Man made fibers and filament and yarns
Man made fibers are divided into fibers based on crude oil fractions (synthetic fibers) and fibers based on regenerated cellulose (cellulosic fibers). Figure C gives an overview on the different fiber types. For a few decades, use of synthetic fibers increased only slowly due to some properties making them inferior to cellulosic fibers for apparel production. Today the most prominent fibers for apparel are polyester (PES), followed by polyamide (PA), cellulosic fibers (CV), acrylic (PAN) and others including polypropylene, elastic fibers, polyvinylchloride, polyvinylacetate, etc.
Energy
All textile processes require a considerable amount of energy, from fiber production up to finishing. Energy is a natural resource, renewable or non-renewable, which can be converted into other forms according to the thermodynamics. Prime renewable energy sources are hydropower, wind power and solar power, generally used for electricity production, as well as wood pellets and other plants which are used in combustion. Non-renewable energy resources are crude oils, gas, brown coal, etc., prime sources that were formed on the planet over millions of years. Nuclear power takes a special position as its by-product, the hazardous nuclear waste, requires tremendous time periods to degrade.

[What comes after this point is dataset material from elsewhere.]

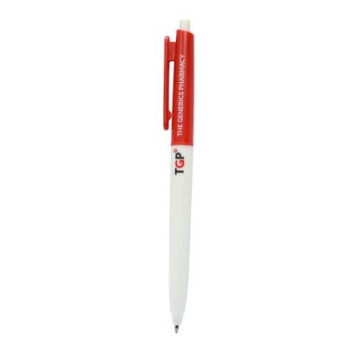 [PISO SALE] TGP PEN RED/WHITE 2018 EDITION - 1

Conversion from one form of energy to another is more or less efficient, depending on the energy value, the losses by transformation to energy forms (e.g. heat) which cannot be utilized in the system.
The textile supply chain and textile products require energy (in various forms such as electricity, hot oil and steam) for the following:
- To operate various machines involved in textile manufacturing;
- To transport between various processes;
- To produce raw materials, accessories, chemicals and other necessary elements;
- To raise the temperature of water baths employed in dyeing and other wet processing operations;
- To operate heating and cooling systems;
- To operate lighting, humidification plants and office equipment.
Textile Production:
Textile manufacturing process includes fiber production, yarn spinning, fabric manufacturing, textile wet processing, final products distribution (retailing, marketing and merchandising), and disposal. Among different components of the textile supply chain, wet processing is a step that involves the use of large amounts of energy, chemicals, and water. Therefore, advocates in the wet processing part of the industry are seeking solutions to achieve sustainable production methods in daily operations. Textile wet processing is the collective term for the processes used to improve textiles in terms of the aforementioned properties. The most common way to examine textile wet processing is to split it into the following three stages:
- Pretreatment or preparation
- Coloration (dyeing and printing)
- Finishing
Yarn production
Spinning processing is different for staple fibers and filaments. A staple fiber yarn is produced by twisting, entangling and embedding a certain number of fibers in order to get a longitudinal construction of a defined fineness, strength, elasticity and structure. Staple fibers are gained from all-natural fibers (except silk) and from man-made filaments that are cut in staple.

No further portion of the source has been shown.